Former NASA Engineer Faces Toughest Challenge Yet: Squirrels
“This was the exact moment I realized I just might be outmatched here.”
Few people can outsmart a former NASA and Apple engineer, but what about animals? This is what happens when brilliant minds from two different worlds go head-to-head.
Quarantine Leads to Conflict
Engineer Mark Rober put a bird feeder into his backyard to pass the time during quarantine, and it soon became overrun by squirrels. He tried a few different “squirrel-proof” feeders with impressive features, but the squirrels were more impressive. Rober realized he was dealing with professionals and kicked into full gear.
To the Drawing Board
He and his friend built an obstacle course specifically for squirrels, and this wasn’t a simple backyard birdhouse. As true scientists, they tested everything, and once the course was finished — complete with bridges, catapults, microcontrollers, and pistons — it was go time.
Game, Set, Match
As the squirrels explored Rober’s contraption, just like Rober, they experimented and used trial and error to master each step, and their brains weren’t the only things on full display.

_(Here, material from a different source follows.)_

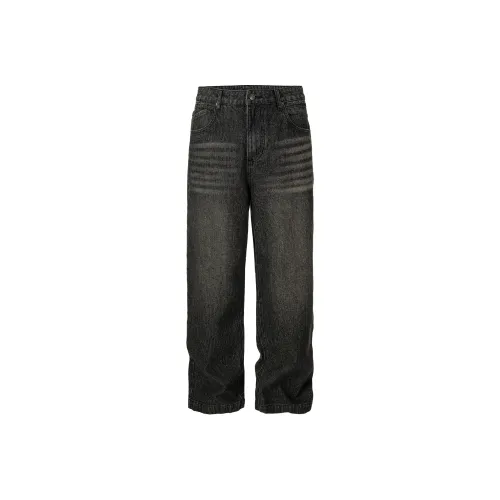 FIRE 2 COLD EGO Черный Унисекс Джинсы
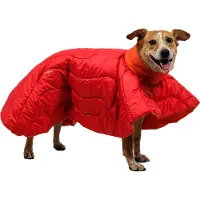 Ruffwear - Palisades Sleep Poncho - Hondendeken S, rood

Although Rober planted booby traps like (harmless) catapults that launched the squirrels off course, slow-mo video revealed that life in the trees has made them masters of physics.
Just milliseconds after launch, the squirrels calculated the what, the where, and the how. They knew what was happening, where their landing spot would be, and how they should move their bodies to land safely. Like a beautiful ice skater nailing their routine, during a high fall the squirrel angles its body to control velocity and angular momentum, letting it pirouette through the air and land perfectly where intended (see video). It tucks its arms, angles its tail, and bravo! Sticks the landing and lives to see another day.
“Life Finds a Way”
Scientists and engineers like Rober can certainly use their training and strong minds to build incredible machines, but as Dr. Ian Malcolm from “Jurassic Park” said, “life finds a way.” These scientists are no match for nature. As the human world changes around us, the natural world evolves with it, and this evolution and adaptation goes on in our backyard without many of us noticing. As Rober put it, “It’s also made me realize that even amongst the structures and pavement and powerlines how interesting nature can be in a single suburban backyard if you just really stop to look.”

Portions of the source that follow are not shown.